If my current visa expired before the result of the application came back, will I still be able to legally reside in SA until the result is in?

What condition would you say is the toughest for a GWP?


----------



## Skilled (May 10, 2011)

You can still reside in the country until your application is finalised.

Some of the tricky requirements

1) Department of labour letter to state that the position or the job is valid.
2) South African Qualification Evaluations aka SAQA evaluations on your qualifications
3) The company has to advertise the position in the national newspaper for 14 weeks and u need to provide the clip of the advert as well as names of those that were interviewed but did not get the job.
4) you need police clearances from all countries you stayed 1 year or more and including South African one I think.


----------



## vajeera (Jan 15, 2014)

The advertisement has to be in a national media for 14 days/2 weeks and not 14 weeks as stated above.

Yes, the rest of the documents (SAQA, PCC and CSSA) will require time and if you are on a 90 day business visa then it might be a tough walk .


----------



## Feastarr (Jul 25, 2013)

I have all of that in the process right now. 

Again, are you guys 1,000,000,000% sure about it being not a problem if I apply for work permit from a *visitor's visa that was issued to me for "business meetings" as the purpose of visit.*?

Do you have an experience with this kind of an application?


----------



## 2fargone (Jun 14, 2011)

Why can't the company in Cape Town sort out your work permit for you if they are going to offer you a job.


----------



## LegalMan (Dec 26, 2012)

Woah there folks! I didn't see this thread and there are a couple of things to mention.



Feastarr said:


> I have a 2 months business visa for SA. It mentions non-extend and "may not change conditions".
> 
> However, the company here has offered me a position in their Cape Town office. Can I apply for a general work permit while in SA regardless of these conditions on my visa?


If you try to change your status from a *business* visa to a *work* visa, you may hit trouble with the new immigration regulations that many Home Affairs officials have already started implementing. You'd best apply from your home country and then come back into the country. Otherwise seek the services of a lawyer to properly assess your situation.

Also, the points that Skilled put out there are not necessarily all valid any longer. We're in a time of flux and, for example, the advert in the paper (which people took such advantage of) may soon not be a requirement.

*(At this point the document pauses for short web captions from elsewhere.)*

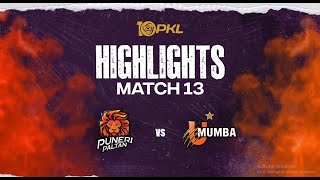 Match Highlights Puneri Paltan vs U Mumba  December 8  PKL Season 10 [upl. by Cormac238]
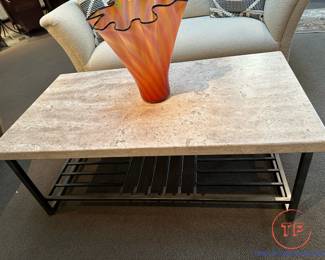 Rectangular Travertine Stone Coffee Table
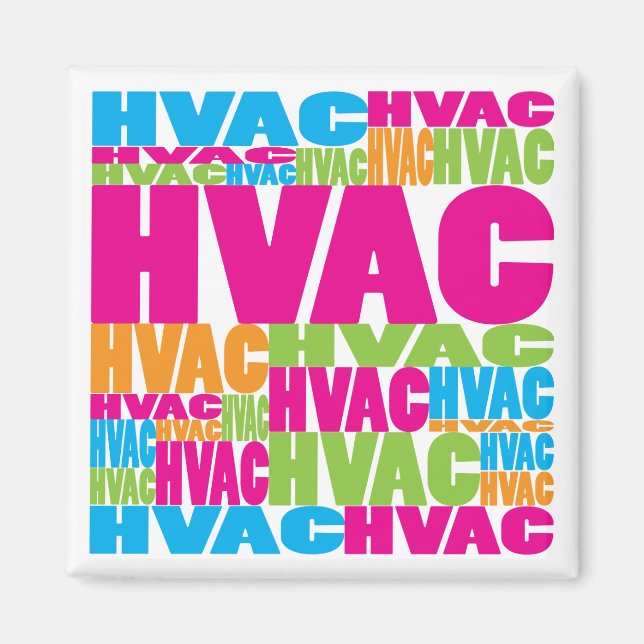 Colourful HVAC Magnet (Front)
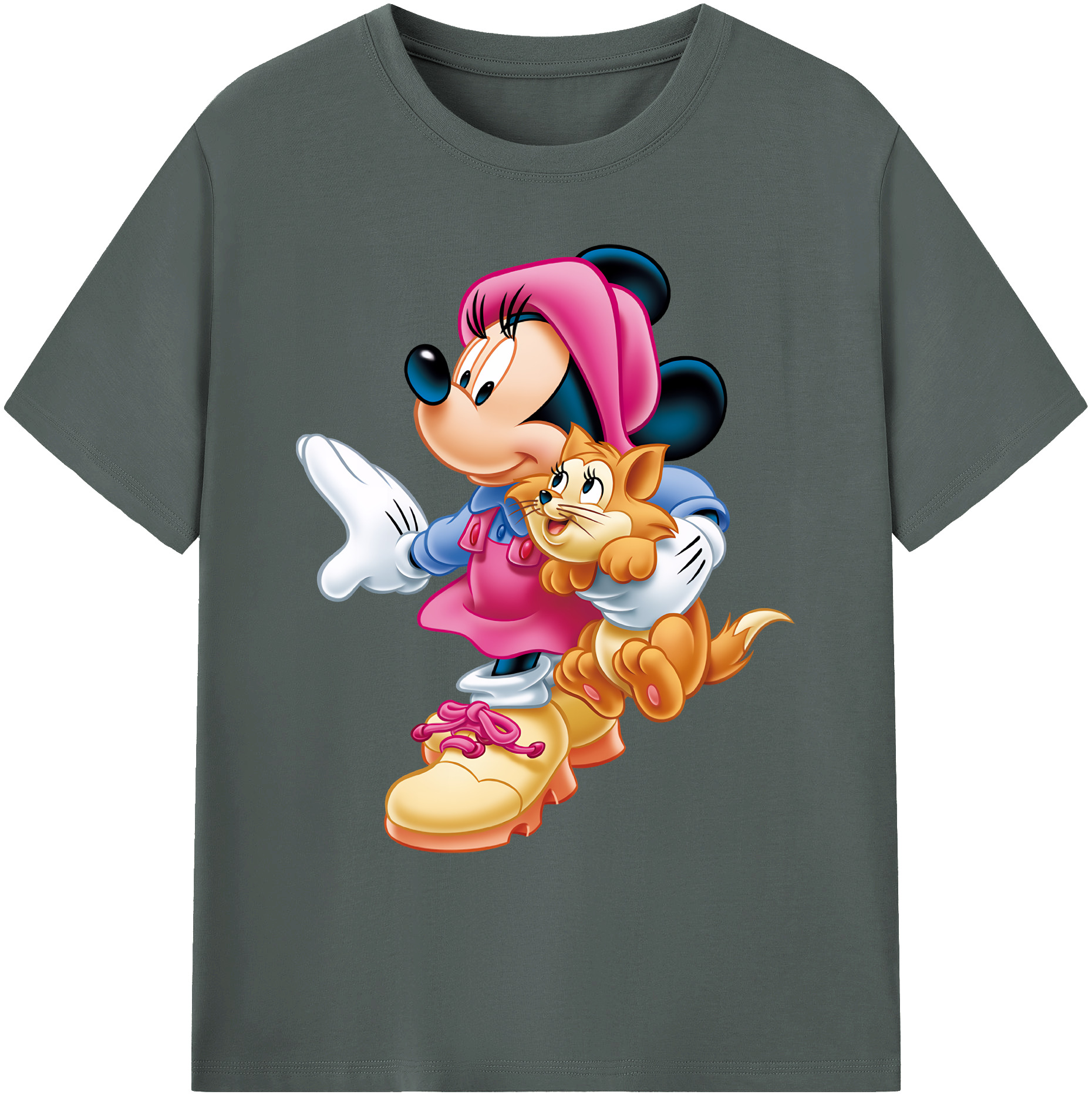 ミッキーマウス Mickey Mouse 綿100％ メンズ半袖Tシャツ｜肌触りやわらか＆通気性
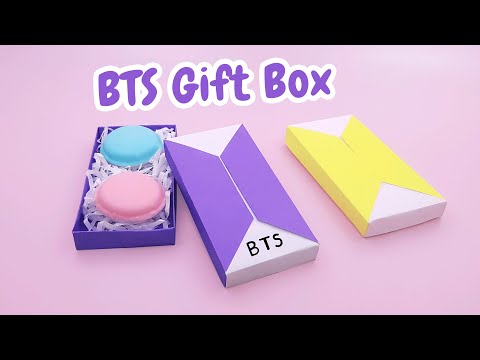 Video [Quyensachnho] Gấp hộp quà Logo BTS | Origami BTS Gift... - youtube
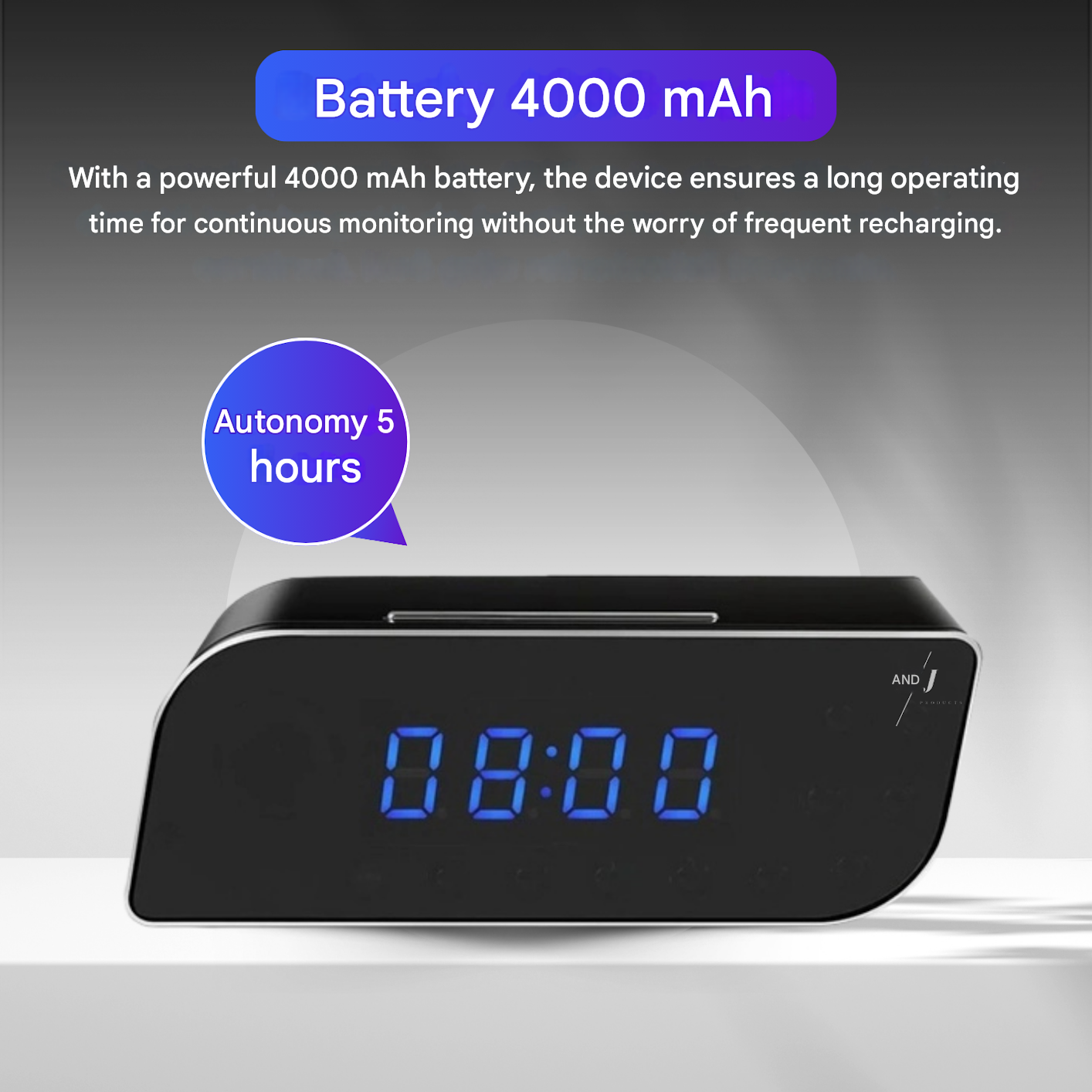 Digital Alarm Clock with Hidden Surveillance Camera – StealthClock Cam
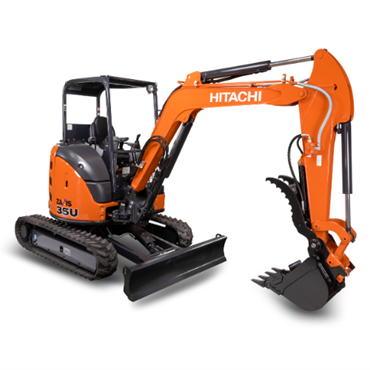 Location pelles à chenilles Hitachi zx35u2
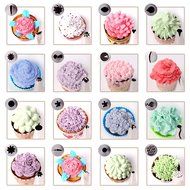 Newlemo Stainless Steel Nozzles Set of 24 Piping Nozzles Cake Decorating Tips Sets with 1 Medium Reusable Pastry...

As for 2fargone's comment, in a dream world, yes, every company should do that.


----------



## vajeera (Jan 15, 2014)

+1 to LegalMan - Well chances are your business visa was issued most probably from the Delhi consulate and they might act strict (if) when you apply for a dependent TRP based on your GWP - best way is to take all the documentation and apply in person in India (as VFS doesn't cater for WPs) and do a follow up every 4 weeks.


----------



## Feastarr (Jul 25, 2013)

LegalMan said:


> Woah there folks! I didn't see this thread and there are a couple of things to mention.
> 
> 
> If you try to change your status from a *business* visa to a *work* visa, you may hit trouble with the new immigration regulations that many Home Affairs officials have already started implementing. You'd best apply from your home country and then come back into the country. Otherwise seek the services of a lawyer to properly assess your situation.
> ...


Thanks a lot for your advice. The agent from the company is on it but I am doing my research in the meanwhile. The agent says that I can come on a section 11-2 and then apply for work permit since the new rules are not out yet. I already have the advertisements, SAQA etc in order. 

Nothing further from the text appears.